Exercise requirements: An exact copy of every entry is needed, with the images left out.

[Items from a data source]
══════════════════════════════

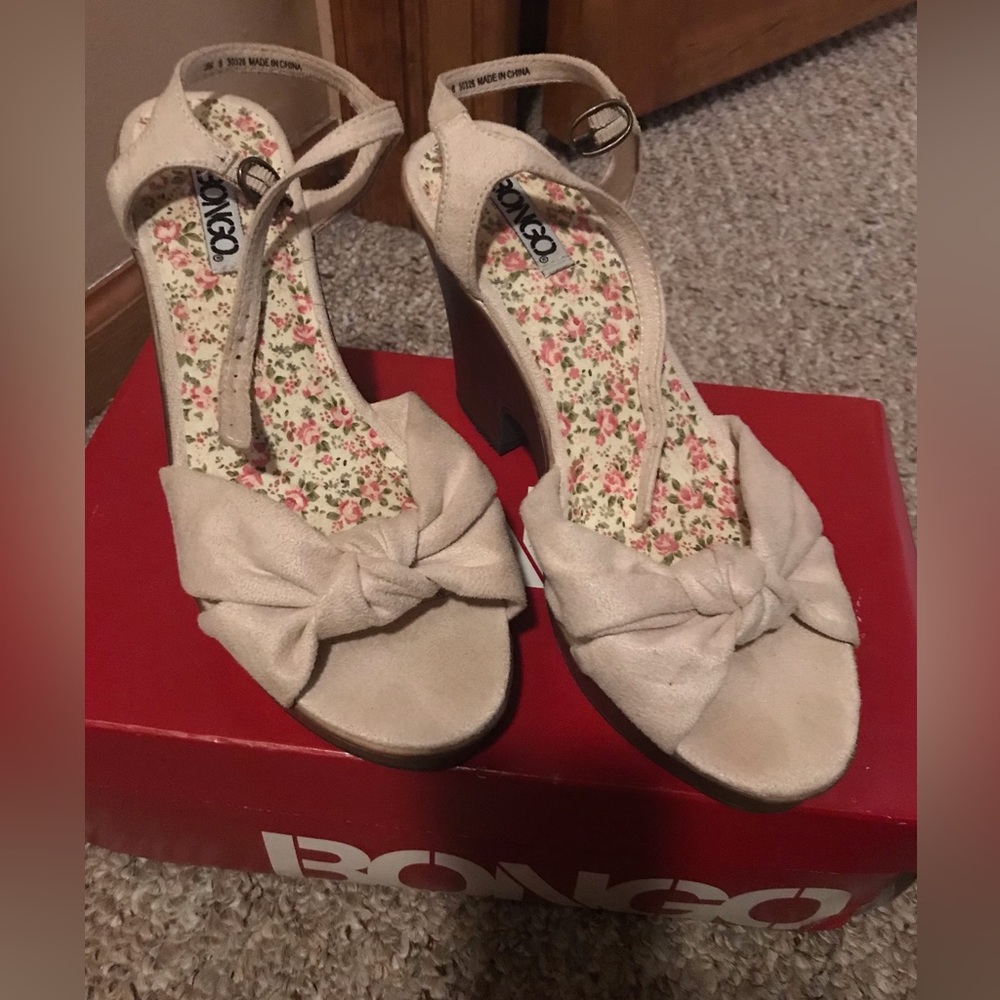 Women’s Bongo ivory wedge sandals size 8.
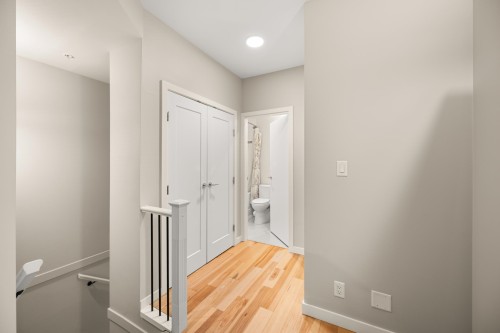 66 1St Avenue W, Vancouver, BC 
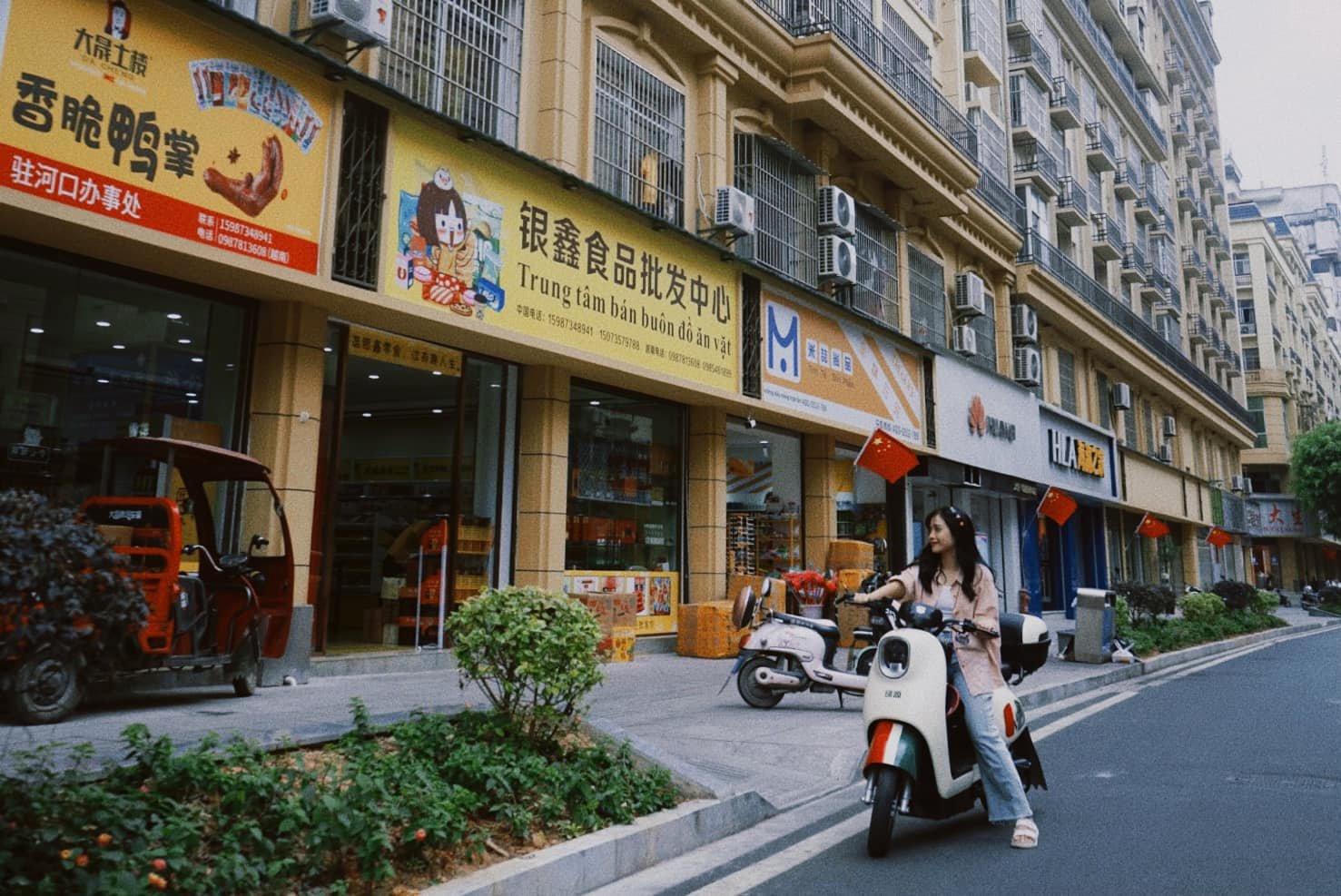 di chuyển bằng xe điện di chuyển bằng xe điện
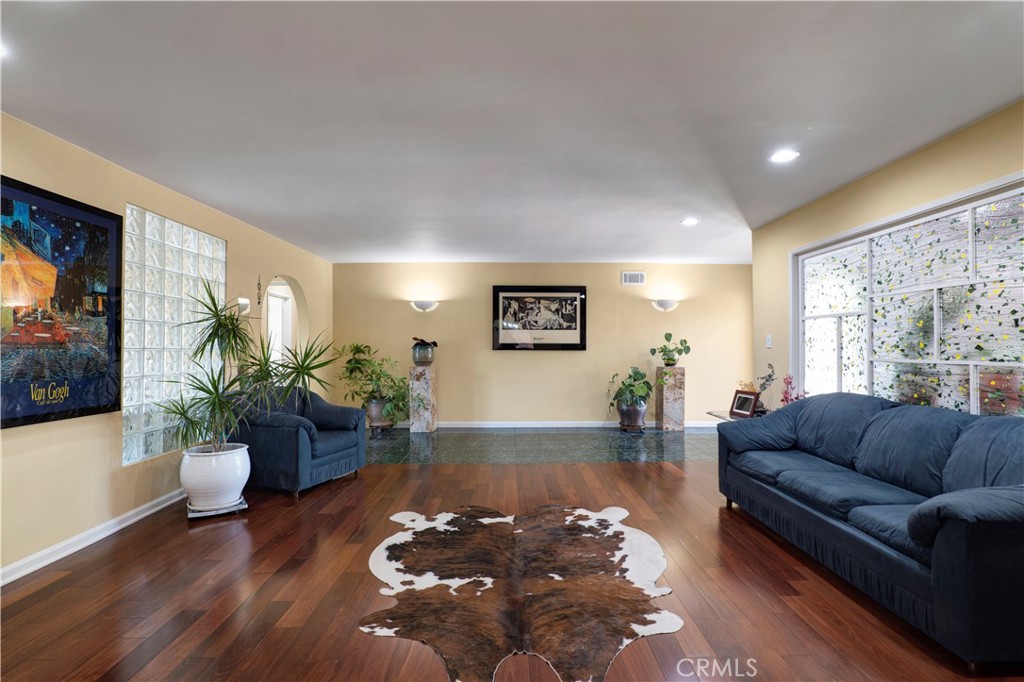 8644 Jellico Avenue Property Photo 7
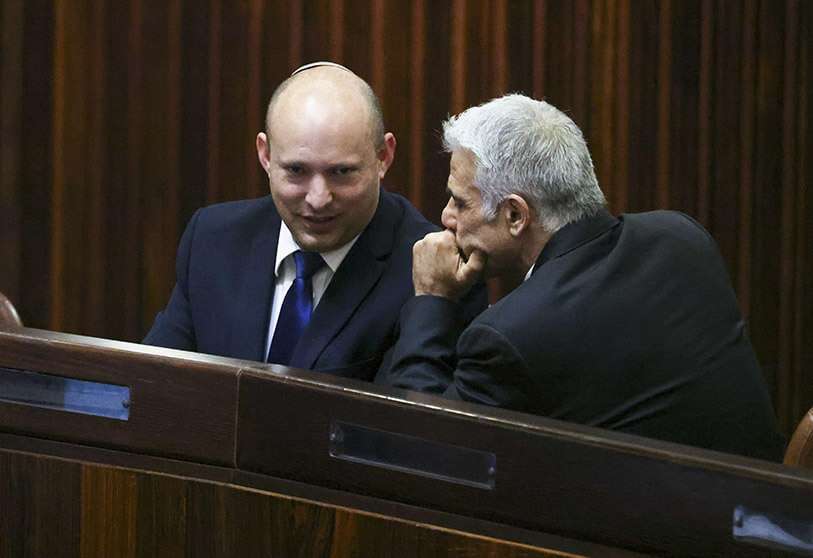 PHOTO/AP - El líder del partido Yamina, Naftali Bennett, a la izquierda, mientras habla con el líder del partido Yesh Atid, Yair Lapid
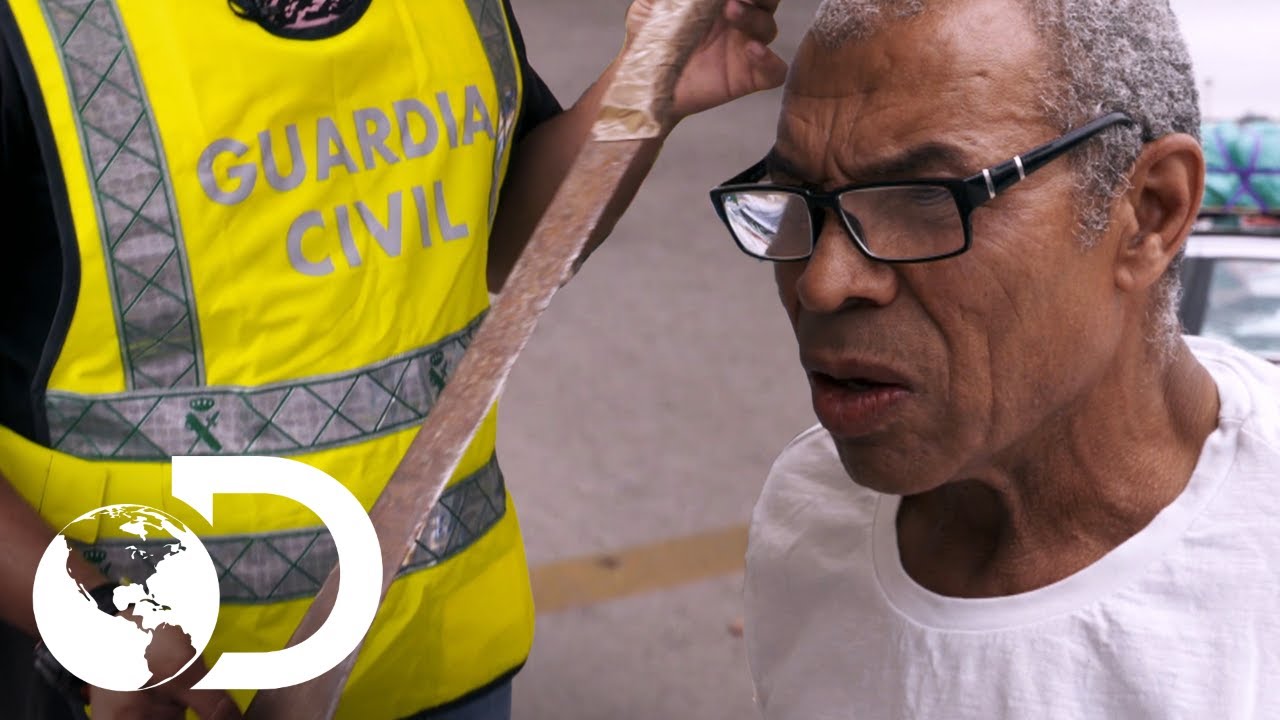 Homem tenta sair da Espanha com facão gigante | Controle de Fronteiras | Discovery Brasil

══════════════════════════════

Task output:
 Women’s Bongo ivory wedge sandals size 8.
 66 1St Avenue W, Vancouver, BC 
 di chuyển bằng xe điện di chuyển bằng xe điện
 8644 Jellico Avenue Property Photo 7
 PHOTO/AP - El líder del partido Yamina, Naftali Bennett, a la izquierda, mientras habla con el líder del partido Yesh Atid, Yair Lapid
 Homem tenta sair da Espanha com facão gigante | Controle de Fronteiras | Discovery Brasil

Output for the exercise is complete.